**Exercise prompt:** Repeat exactly, and only, the lines below starting at the line that contains "1615 S Owasso Avenue, Tulsa, OK 74120" and ending at the line that contains "Peugeot 3008 II", inclusive of both.

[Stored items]
::::::::::

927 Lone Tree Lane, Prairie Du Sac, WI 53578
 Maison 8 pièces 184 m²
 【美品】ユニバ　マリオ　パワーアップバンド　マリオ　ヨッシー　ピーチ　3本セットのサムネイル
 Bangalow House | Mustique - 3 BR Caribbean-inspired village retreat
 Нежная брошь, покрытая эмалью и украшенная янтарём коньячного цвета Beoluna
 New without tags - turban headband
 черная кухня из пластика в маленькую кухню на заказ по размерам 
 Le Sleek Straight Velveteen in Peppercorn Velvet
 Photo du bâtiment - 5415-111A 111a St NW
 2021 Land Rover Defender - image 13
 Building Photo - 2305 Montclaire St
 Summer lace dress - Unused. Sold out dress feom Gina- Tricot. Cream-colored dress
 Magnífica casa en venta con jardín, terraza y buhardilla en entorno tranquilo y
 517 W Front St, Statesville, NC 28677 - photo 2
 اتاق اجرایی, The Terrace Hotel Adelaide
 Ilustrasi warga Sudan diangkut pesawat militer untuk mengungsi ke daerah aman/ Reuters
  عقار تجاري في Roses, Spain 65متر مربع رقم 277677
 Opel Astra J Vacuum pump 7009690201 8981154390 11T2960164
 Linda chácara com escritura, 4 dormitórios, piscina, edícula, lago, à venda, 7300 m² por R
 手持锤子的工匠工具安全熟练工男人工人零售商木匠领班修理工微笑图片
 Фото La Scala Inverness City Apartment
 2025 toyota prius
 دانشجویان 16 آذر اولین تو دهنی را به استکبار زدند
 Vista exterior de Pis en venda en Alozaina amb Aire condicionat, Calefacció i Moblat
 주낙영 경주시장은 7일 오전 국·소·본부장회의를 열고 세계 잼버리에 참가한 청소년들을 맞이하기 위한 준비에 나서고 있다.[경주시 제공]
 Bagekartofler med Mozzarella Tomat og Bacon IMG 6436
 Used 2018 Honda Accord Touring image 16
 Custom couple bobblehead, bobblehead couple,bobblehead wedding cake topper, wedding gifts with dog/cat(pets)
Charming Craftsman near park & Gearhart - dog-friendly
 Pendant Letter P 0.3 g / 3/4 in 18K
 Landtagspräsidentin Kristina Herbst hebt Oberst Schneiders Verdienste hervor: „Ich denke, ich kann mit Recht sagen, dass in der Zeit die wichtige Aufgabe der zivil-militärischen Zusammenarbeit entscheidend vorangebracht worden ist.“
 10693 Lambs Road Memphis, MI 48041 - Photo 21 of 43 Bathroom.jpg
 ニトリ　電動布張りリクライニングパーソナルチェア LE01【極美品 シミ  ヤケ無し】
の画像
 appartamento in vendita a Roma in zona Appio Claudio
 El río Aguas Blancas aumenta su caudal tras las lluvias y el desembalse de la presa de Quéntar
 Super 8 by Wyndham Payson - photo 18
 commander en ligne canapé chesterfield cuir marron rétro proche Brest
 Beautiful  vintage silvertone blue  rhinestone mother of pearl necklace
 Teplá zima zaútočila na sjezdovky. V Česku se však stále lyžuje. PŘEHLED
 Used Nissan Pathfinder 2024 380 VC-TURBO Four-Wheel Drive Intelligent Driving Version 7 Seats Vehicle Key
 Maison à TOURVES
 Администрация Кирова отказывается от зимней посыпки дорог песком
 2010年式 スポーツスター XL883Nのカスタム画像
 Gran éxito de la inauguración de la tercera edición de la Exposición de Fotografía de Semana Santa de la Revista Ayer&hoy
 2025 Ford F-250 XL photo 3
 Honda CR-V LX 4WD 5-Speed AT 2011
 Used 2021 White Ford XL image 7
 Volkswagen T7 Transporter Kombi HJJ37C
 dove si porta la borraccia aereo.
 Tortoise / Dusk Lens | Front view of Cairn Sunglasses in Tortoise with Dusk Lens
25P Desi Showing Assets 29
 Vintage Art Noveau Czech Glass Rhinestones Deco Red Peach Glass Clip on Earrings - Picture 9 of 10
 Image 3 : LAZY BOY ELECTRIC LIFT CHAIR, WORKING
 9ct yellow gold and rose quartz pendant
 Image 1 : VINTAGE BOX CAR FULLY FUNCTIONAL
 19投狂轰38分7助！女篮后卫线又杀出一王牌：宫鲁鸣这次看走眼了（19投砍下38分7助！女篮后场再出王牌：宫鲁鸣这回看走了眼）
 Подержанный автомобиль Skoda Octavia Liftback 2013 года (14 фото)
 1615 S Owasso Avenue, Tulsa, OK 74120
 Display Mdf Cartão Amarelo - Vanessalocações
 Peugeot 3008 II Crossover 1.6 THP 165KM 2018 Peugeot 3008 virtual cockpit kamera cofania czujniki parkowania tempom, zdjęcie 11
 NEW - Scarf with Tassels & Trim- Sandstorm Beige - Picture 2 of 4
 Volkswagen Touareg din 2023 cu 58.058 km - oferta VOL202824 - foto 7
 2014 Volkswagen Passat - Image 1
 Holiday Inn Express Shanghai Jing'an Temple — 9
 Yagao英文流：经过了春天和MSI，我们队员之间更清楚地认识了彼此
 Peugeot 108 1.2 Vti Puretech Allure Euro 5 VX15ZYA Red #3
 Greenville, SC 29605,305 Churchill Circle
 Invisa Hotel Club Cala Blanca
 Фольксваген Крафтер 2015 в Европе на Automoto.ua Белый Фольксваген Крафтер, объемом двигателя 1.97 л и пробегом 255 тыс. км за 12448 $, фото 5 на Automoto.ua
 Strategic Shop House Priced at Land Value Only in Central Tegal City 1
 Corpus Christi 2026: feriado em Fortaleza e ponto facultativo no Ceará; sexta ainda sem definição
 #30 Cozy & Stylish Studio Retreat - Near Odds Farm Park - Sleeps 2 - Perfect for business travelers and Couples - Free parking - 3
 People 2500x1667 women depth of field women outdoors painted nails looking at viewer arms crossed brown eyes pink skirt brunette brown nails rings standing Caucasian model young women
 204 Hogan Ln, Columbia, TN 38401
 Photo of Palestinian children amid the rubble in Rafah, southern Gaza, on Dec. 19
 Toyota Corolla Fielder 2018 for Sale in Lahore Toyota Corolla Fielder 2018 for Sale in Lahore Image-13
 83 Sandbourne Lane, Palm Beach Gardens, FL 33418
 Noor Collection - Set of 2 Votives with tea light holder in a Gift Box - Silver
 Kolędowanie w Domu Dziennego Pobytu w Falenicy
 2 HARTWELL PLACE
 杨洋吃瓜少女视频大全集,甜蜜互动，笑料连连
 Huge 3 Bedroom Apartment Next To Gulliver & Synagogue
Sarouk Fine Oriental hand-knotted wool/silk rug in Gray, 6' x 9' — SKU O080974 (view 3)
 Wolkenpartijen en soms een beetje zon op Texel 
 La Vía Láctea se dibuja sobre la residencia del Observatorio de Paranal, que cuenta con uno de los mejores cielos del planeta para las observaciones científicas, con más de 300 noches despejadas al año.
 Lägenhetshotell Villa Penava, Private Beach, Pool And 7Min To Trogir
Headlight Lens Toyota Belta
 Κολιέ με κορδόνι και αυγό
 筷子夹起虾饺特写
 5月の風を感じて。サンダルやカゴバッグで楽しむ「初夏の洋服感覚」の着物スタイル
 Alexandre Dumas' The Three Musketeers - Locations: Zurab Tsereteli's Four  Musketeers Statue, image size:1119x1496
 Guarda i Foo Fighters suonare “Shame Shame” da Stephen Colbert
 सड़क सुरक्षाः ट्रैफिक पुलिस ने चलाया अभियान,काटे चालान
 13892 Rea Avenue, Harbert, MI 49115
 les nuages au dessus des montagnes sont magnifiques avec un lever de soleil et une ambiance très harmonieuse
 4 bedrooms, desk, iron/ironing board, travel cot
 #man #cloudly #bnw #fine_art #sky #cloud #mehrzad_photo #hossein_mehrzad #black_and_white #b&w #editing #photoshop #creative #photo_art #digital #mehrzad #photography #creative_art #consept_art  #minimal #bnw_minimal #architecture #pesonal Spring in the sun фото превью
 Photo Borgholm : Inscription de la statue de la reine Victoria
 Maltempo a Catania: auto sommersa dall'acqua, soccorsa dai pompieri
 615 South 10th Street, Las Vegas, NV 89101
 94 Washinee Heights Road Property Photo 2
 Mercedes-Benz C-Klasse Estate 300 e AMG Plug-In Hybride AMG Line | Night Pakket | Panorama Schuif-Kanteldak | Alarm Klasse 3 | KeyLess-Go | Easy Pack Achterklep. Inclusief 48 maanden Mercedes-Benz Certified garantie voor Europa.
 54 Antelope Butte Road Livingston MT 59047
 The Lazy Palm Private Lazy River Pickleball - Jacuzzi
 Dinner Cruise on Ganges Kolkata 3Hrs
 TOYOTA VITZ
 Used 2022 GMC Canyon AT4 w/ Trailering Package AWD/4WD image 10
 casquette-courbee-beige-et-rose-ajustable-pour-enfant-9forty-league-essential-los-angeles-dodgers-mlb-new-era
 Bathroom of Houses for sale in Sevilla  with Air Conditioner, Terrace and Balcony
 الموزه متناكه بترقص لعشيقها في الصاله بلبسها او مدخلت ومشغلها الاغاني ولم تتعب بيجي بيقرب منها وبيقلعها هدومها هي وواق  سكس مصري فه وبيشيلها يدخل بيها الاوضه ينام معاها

::::::::::

**Exercise answer:**
 1615 S Owasso Avenue, Tulsa, OK 74120
 Display Mdf Cartão Amarelo - Vanessalocações
 Peugeot 3008 II Crossover 1.6 THP 165KM 2018 Peugeot 3008 virtual cockpit kamera cofania czujniki parkowania tempom, zdjęcie 11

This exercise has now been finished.